- Poster presentation
- Open Access
Influence of hormones and HIV infection on viral transport
Retrovirologyvolume 9, Article number: P207 (2012)
Inhibiting transport of virions within the female reproductive tract is an attractive mechanism for transmission prevention. The mucosal environment varies with menstrual cycle and concurrent bacterial vaginosis (BV). Previous studies of transport within mucosal samples have focused on cervico-vaginal samples in exclusion. Severe BV corresponds to increased incidence of female-to-male HIV-1 transmission although the mechanism remains unclear.
We have established a cohort of HIV +ve and –ve women to be longitudinally studied for correlates of inhibited transport phenotypes. Cervical and cervico-vaginal mucus samples (CM and CVM, respectively) are collected, along with mucosal antibodies, vaginal smears, hormone levels, viral load, T cell monitoring panels as well as medical and behavioral history. Viral transport assays employ a diverse panel of viral isolates, testing clade specific effects. As of this interim analysis, over 60 study subjects have been recruited and repeat sampling is beginning.

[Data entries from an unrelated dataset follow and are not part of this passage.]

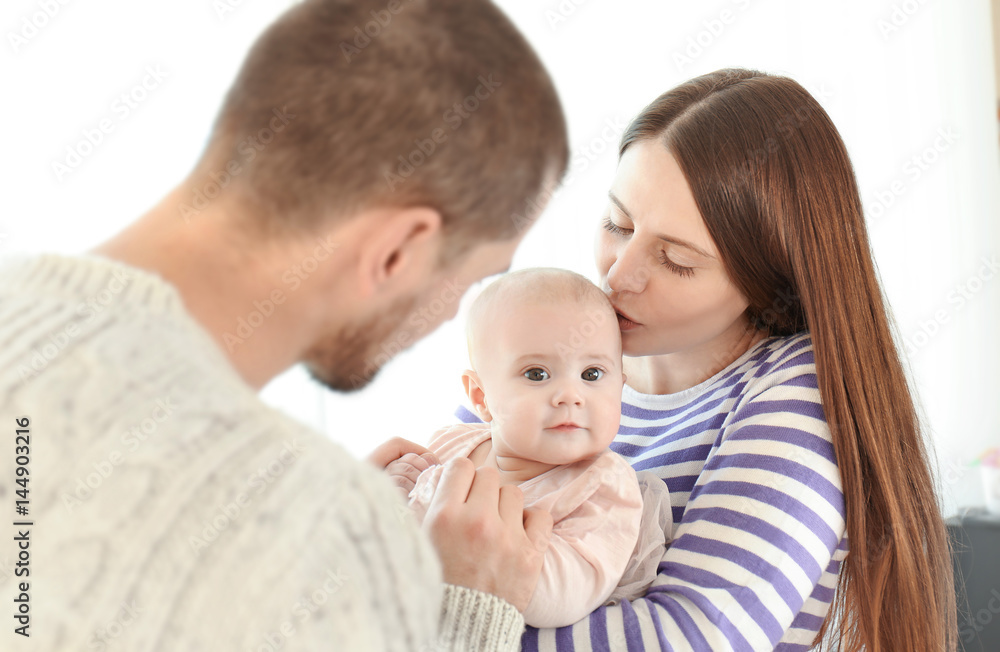 Happy young family with adorable baby on light background Happy young family with adorable baby on light background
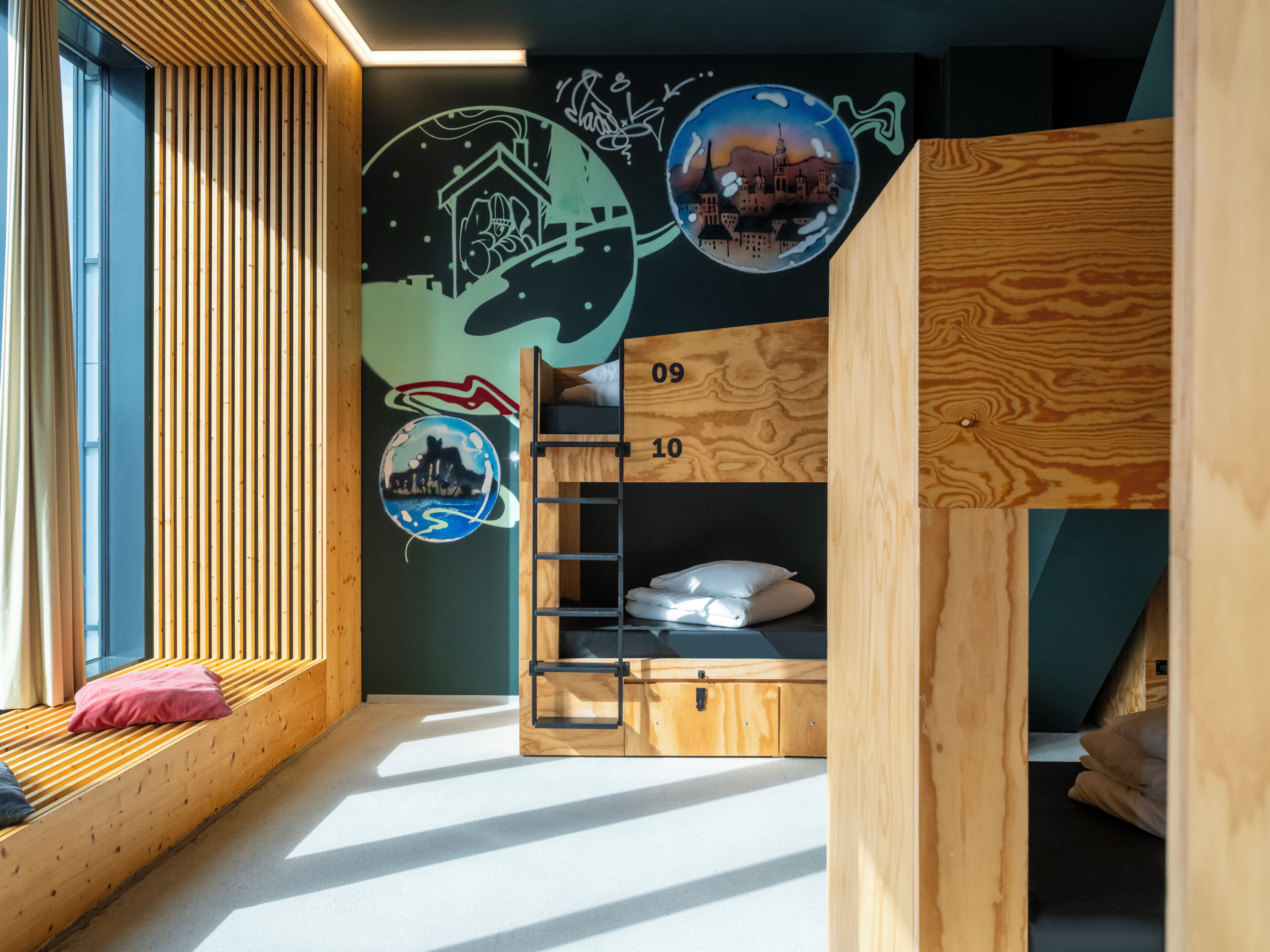 A child's bunk bed with a ladder, a window with curtains, and a wall with two circular murals.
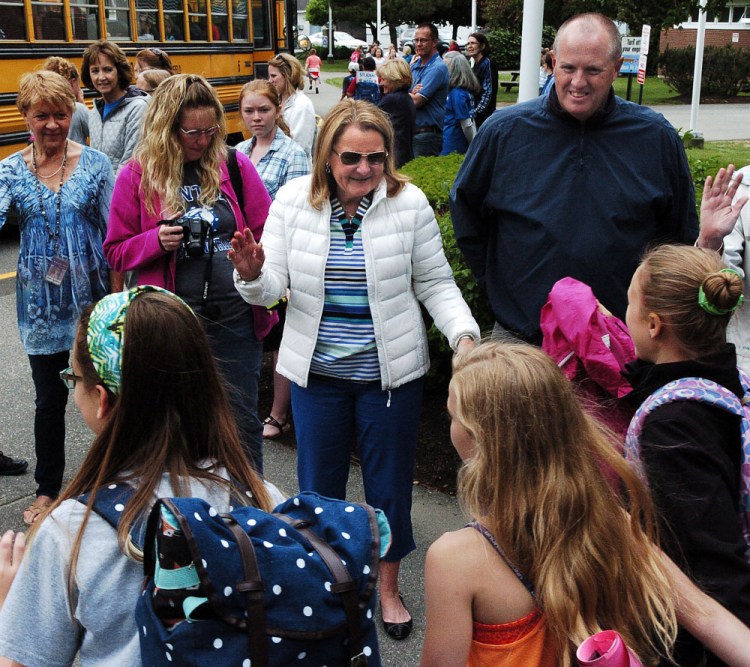 Benton Elementary School Principal Suanne Giorgetti, center, shares the limelight with students as they say goodbye to her Tuesday, their last day of school and the last day of her 39 years as an educator. At right is Assistant Principal David Packard.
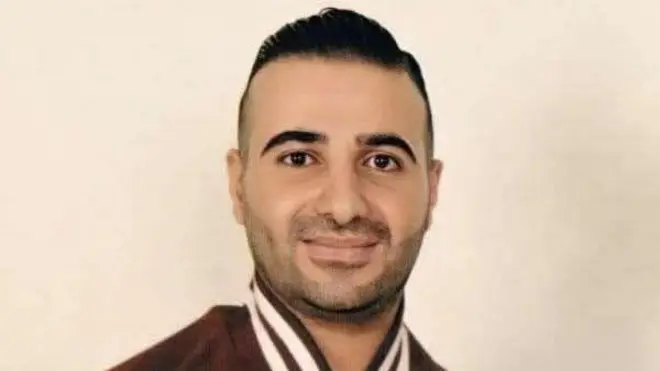 عمّار الحويطات في صورة قديمة مرتدياً قميصاً رياضياً يبدو أنه بني اللون. بشرته حنطية وعيناه وشعره لونهم أسود.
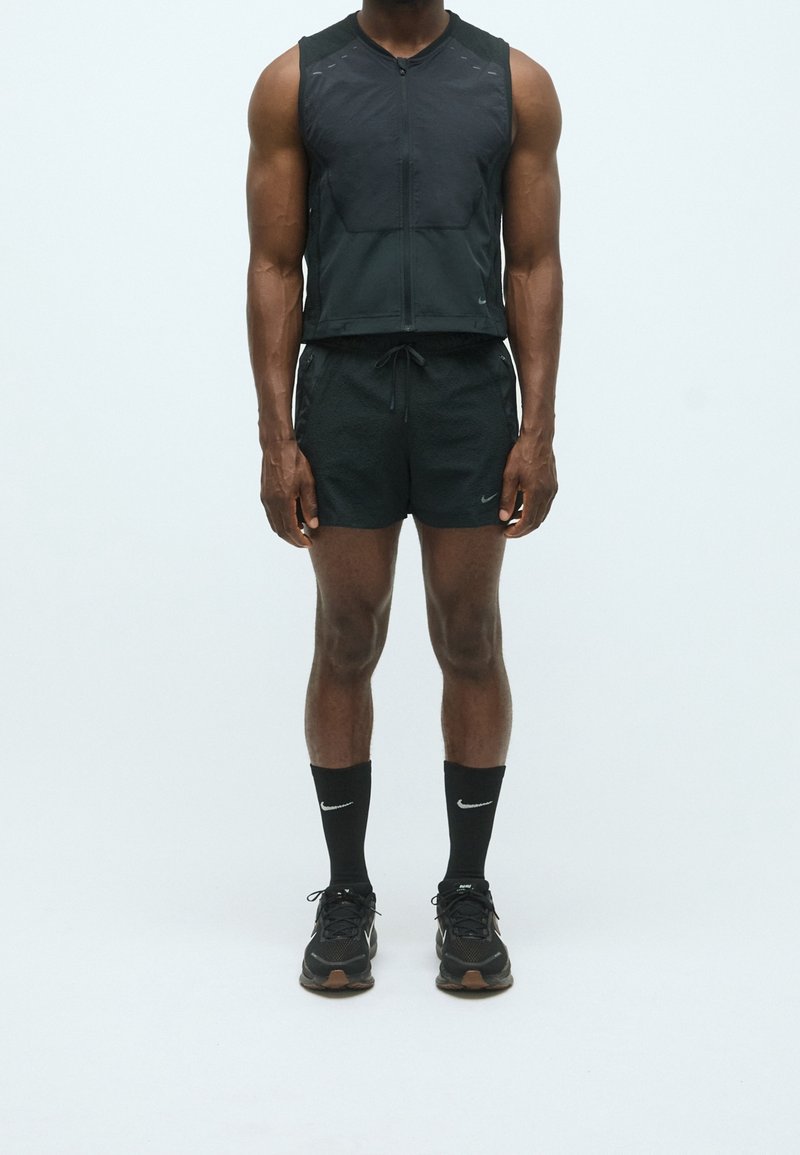 Homme portant un gilet noir sans manches zippé, un short noir à cordon, des chaussettes Nike noires et des chaussures de course noires, debout devant un fond uni.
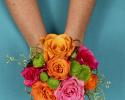This fun and colorful hand held bouquet features orange, pink & green flowers with fun accents of wire.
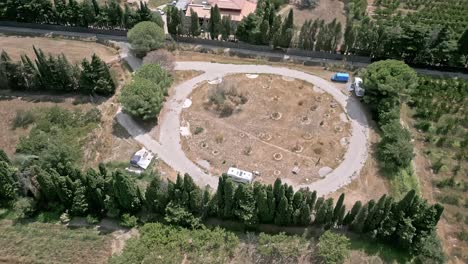 aerial tops down camping car parking location between trees at ortaffa in southern france.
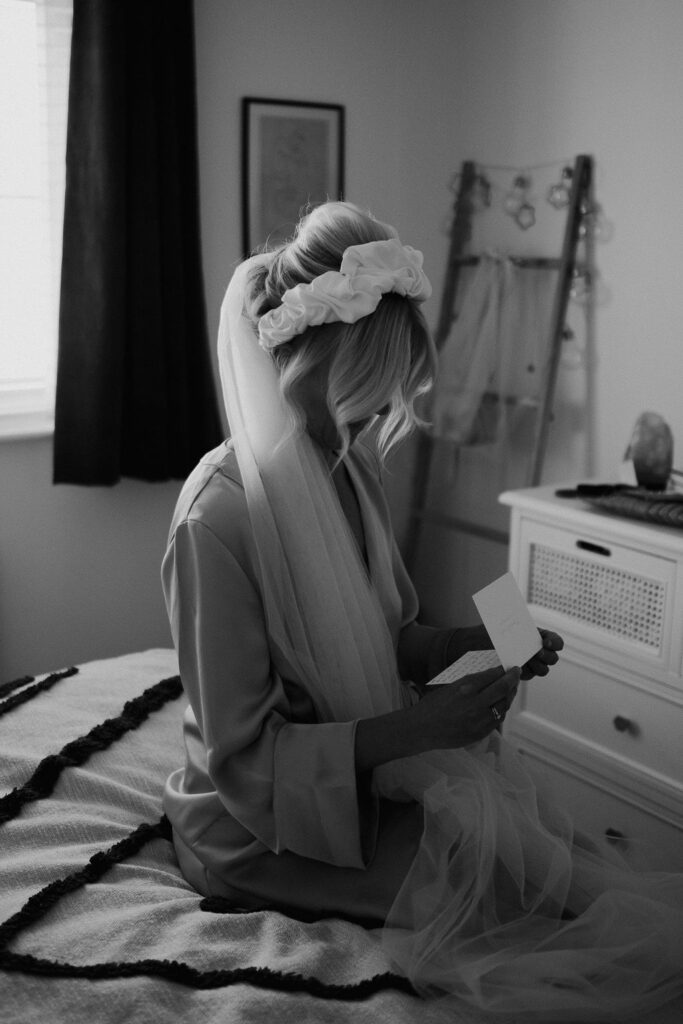 Bride reads a love note on her bed wearing a veil and dressing gown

The hormone profile demarcating menstrual cycle phase correlates strongly with particle movement. In CVM, the nature of viral interactions with their environment changes; lowest progesterone to estradiol ratio corresponds with hindered diffusion. Non-reactive similarly sized PEGylated beads have freely diffusive behavior throughout the menstrual cycle. Cycle classification into follicular, mid-cycle and luteal periods demonstrates that CVM in the luteal phase is, unexpectedly, most permissive to viral transport. Severe BV has modest effects on pH of CVM and no effect on CM. This is reflected in viral transport characteristics whereby the magnitude and nature of movement is invariant during severe BV relative to healthy flora.
It is unlikely that the mechanisms of increased transmission with BV are related to virus diffusing more freely within mucus. Correlates of hindered diffusion are not restricted to adaptive immune responses. This study begins to reveal the significance of immune correlates and hormone profiles on HIV-1 transmission mechanisms and transport in the female reproductive tract.